**TASK DATA:**

━━━━━━━━━━━━━━━━

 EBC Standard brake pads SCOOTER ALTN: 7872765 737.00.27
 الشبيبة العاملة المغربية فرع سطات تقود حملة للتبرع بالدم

━━━━━━━━━━━━━━━━

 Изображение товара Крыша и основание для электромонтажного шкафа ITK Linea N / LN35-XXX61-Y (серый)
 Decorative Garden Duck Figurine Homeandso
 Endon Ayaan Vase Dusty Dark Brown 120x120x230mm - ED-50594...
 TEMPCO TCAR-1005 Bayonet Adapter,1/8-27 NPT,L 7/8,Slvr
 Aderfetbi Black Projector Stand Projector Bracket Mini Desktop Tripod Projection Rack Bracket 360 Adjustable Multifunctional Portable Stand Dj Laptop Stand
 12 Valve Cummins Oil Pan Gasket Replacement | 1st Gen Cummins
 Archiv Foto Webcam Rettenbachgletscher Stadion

━━━━━━━━━━━━━━━━

**WORK TO BE COMPLETED:** Out of the data above, set down the lines from the one with "Endon Ayaan Vase" to the one with "Archiv Foto Webcam", both included, exactly as written and with no additions.

**SOLUTION TO THIS TASK:**
 Endon Ayaan Vase Dusty Dark Brown 120x120x230mm - ED-50594...
 TEMPCO TCAR-1005 Bayonet Adapter,1/8-27 NPT,L 7/8,Slvr
 Aderfetbi Black Projector Stand Projector Bracket Mini Desktop Tripod Projection Rack Bracket 360 Adjustable Multifunctional Portable Stand Dj Laptop Stand
 12 Valve Cummins Oil Pan Gasket Replacement | 1st Gen Cummins
 Archiv Foto Webcam Rettenbachgletscher Stadion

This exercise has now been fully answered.